His honesty might have been his downfall, but Kansas University student Dylan Hilpman doesn’t regret speaking his mind during his second unsuccessful “American Idol” audition in as many years.

The KU junior braved a line of 10,000 jittery pop hopefuls; dark, eerie St. Louis streets; sleep deprivation; and the ego-slaughtering honesty of the show’s celebrity judges to try out for the fourth season of the Fox phenomenon.

Hilpman, a Lawrence native, made it to the third round of a grueling audition and interview process and into the 100-member pool of top contestants. That earned him a few minutes in front of the polite Paula Abdul, the scathing Simon Cowell and the “What’s up dawg?”-spewing Randy Jackson.

Not bad for someone who has “the charisma of a wax dummy,” as Simon described Hilpman during his audition.

“You’re not moving at all,” the grouchy Brit said.

“I was informed by security I would be tackled if I moved from this spot,” Hilpman replied.

“Well this conversation is absurd,” Simon concluded.

No kidding.

But defending his stone-stillness probably wasn’t what got Hilpman in trouble.

Dylan Hilpman, a Kansas University junior majoring in theater and voice, auditioned in early August for the fourth season of Fox's American

It was, more likely, his answer to the question, “What makes you the most talented kid in the United States?” (implying the next American Idol would, in fact, be the most talented kid in the United States).

“I said, ‘I don’t believe that “American Idol” is going to find the greatest talent in the United States.’ And that didn’t get my audition off to the best start,” Hilpman recalls.

A befuddled Simon, Randy and Paula asked Hilpman what he meant.

“Well ‘American Idol’ runs the risk of setting itself up for a severe social backlash because society can get the perception that you’re creating glorified karaoke singers as opposed to viable artists.”

So, naturally, the judges wondered why this critic from Kansas would want to have anything to do with their show.

“Because I’m not a glorified karaoke singer,'” Hilpman told them. “Perhaps I should have said, ‘Because I want to get my own music on.’ There were so many more diplomatic ways that I could have phrased everything, but at the moment it just came out the way it did, and I felt comfortable with it.”

All this before Hilpman had sung a single note.

Dream deferred

As it turns out, the judges hated his first song choice, Gavin DeGraw’s “Chariot.” His second attempt, Justin Timberlake’s “Cry Me a River,” got a “That was much better” from the panel.

Ultimately, though, it wasn’t enough.
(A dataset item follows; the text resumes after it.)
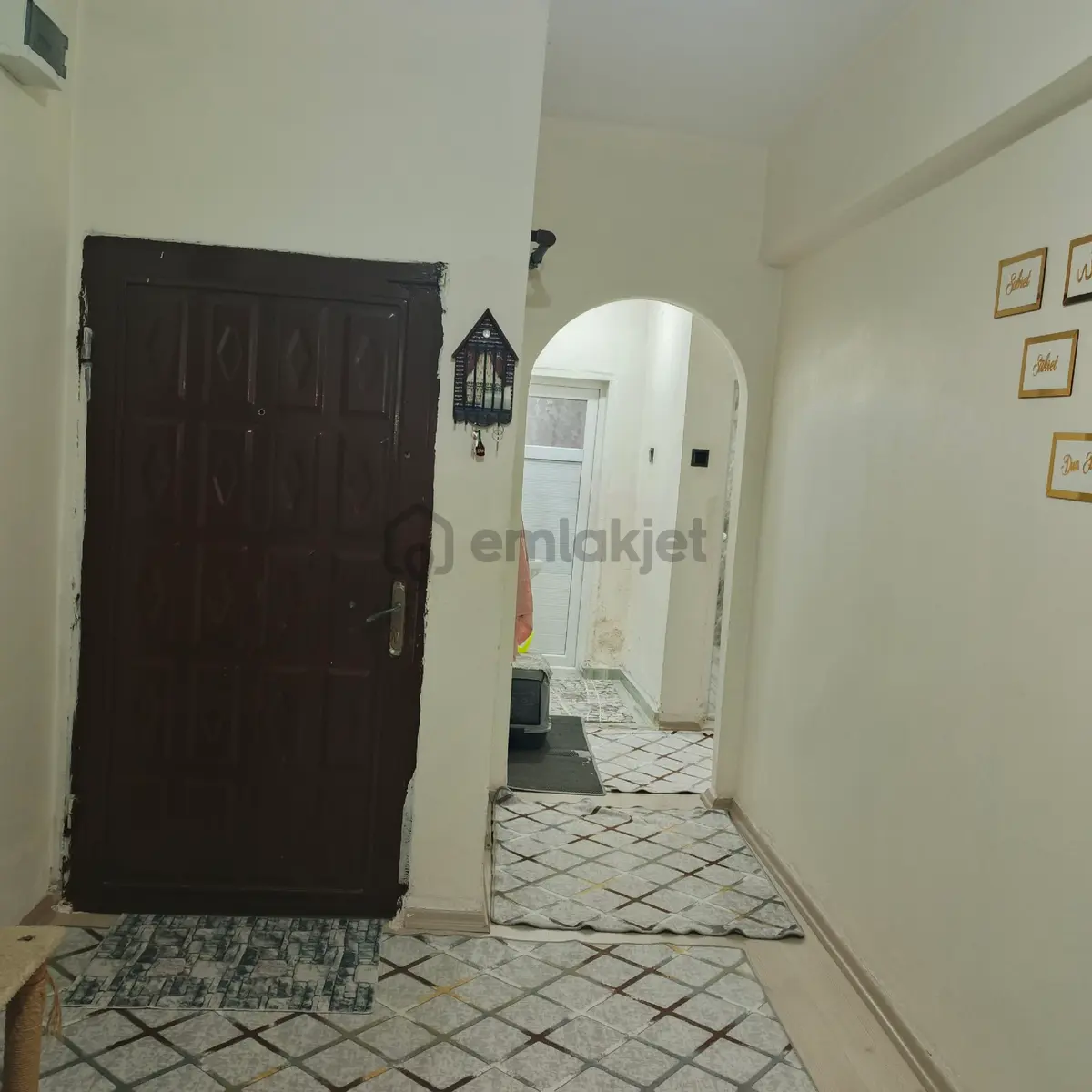 Eski Cezaevi Civarı Satılık Full Yapılı 2+1 Daire - 13
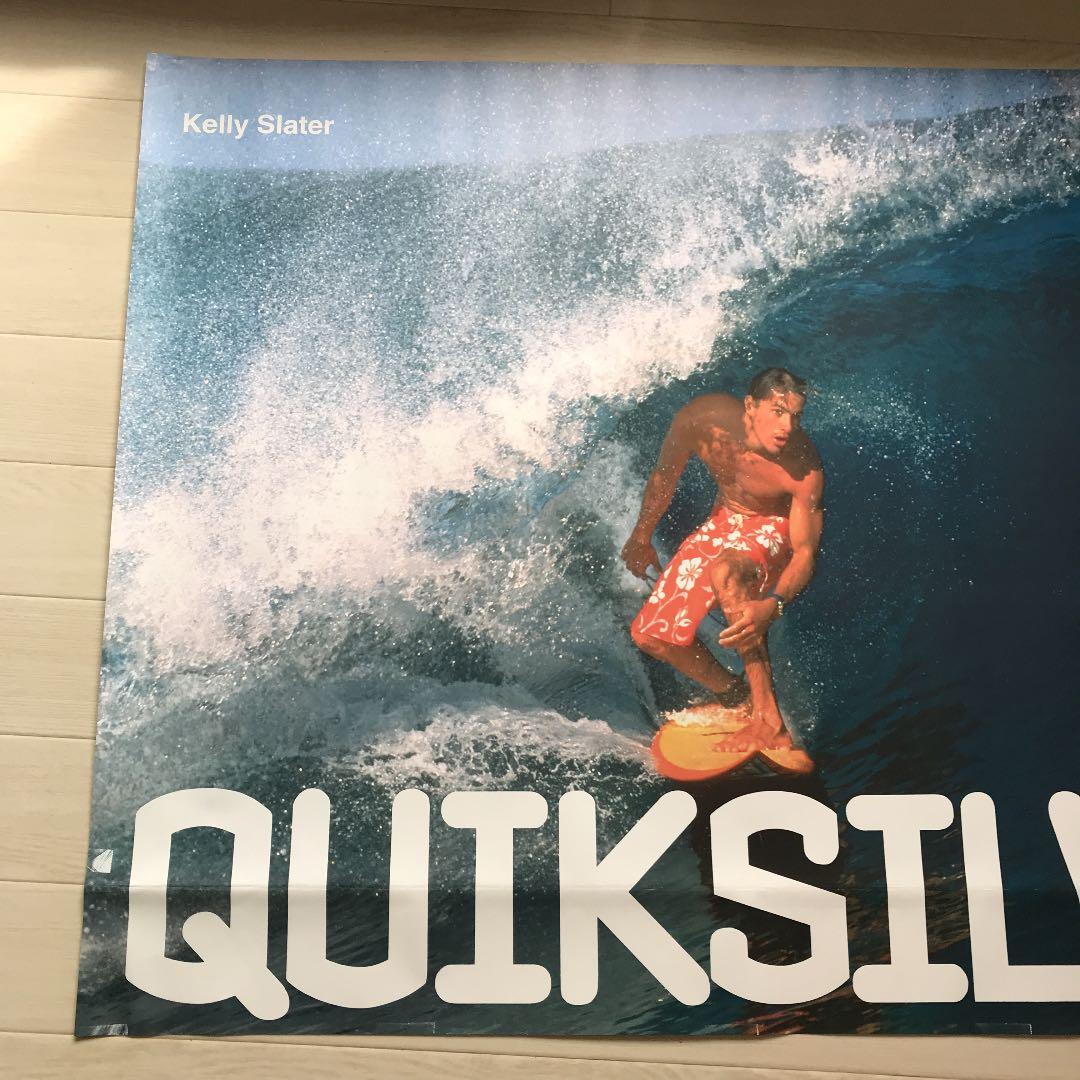 クイックシルバー ケリースレーター 90s 特大ポスター 非売品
Paula wanted to send the Lawrence native to Hollywood, but Simon and Randy put an end to his dream of following in the footsteps of Fantasia Barrino, Ruben Studdard and Kelly Clarkson.

“I didn’t get into the show,” Hilpman says, “but it was on my conditions.”

The previous year, Hilpman auditioned in Houston and was cut in the first round, the same fate met this year by his girlfriend, KU junior Laura Fleming, who accompanied him to St. Louis.

Despite the stunningly clear fact that Hilpman doesn’t REALLY want to be the kind of cutesy marketable pop icon “American Idol” seems to be craving, he’s already planning to audition again next year. Why?

“I have this hope that if I get into the top 30, 150, whatever, that my music — music that I write and believe in and work on all the time and feel passionately about — will be heard. And that saves, who knows, 10 years of promotional work,” he says.

“That might make your career. Just having your music heard by that large of a listening and target audience is an opportunity that, for me, is impossible to pass up.”

Worth it

But for now it’s back to the grindstone for the KU theater and voice major, who spends much of what little spare time he has mixing original jazz-pop-funk fusion in his Ellsworth Hall room.

He’s almost always in rehearsal for a University Theatre production. Most recently, he played a leading role in the summer musical “Romance, Romance” and an ensemble character in “Cabaret.” (Anyone who saw him sashaying and crooning in women’s lingerie knows Hilpman is no “wax dummy.”)

He has sung with KU’s Jazz Singers and Chamber Choir, the top choral group at the university, and this year is gunning for a spot in Collegium Musicum, a KU choir that performs early period music.

So Hilpman’s betting that — just as in year’s past — he won’t catch a wink of “American Idol” when its fourth season begins airing in January.

“I hope that I will be in rehearsals getting better, as opposed to watching other people perform,” he says.

There’s a chance, of course, that Hilpman could still make the show. Cameras rolled constantly during the audition process, and there’s nothing stopping producers from using excerpts — good or bad — from his experience.

Despite the possibility he’ll be taken out of context in front of millions of television viewers, Hilpman remains optimistic rather than bitter.

“I think I had a mediocre audition, but I stuck to what I believed in and was comfortable with. And that was a successful audition in one way,” he says.

“I’m going to go back next year. It’s worth every single moment that I spend.”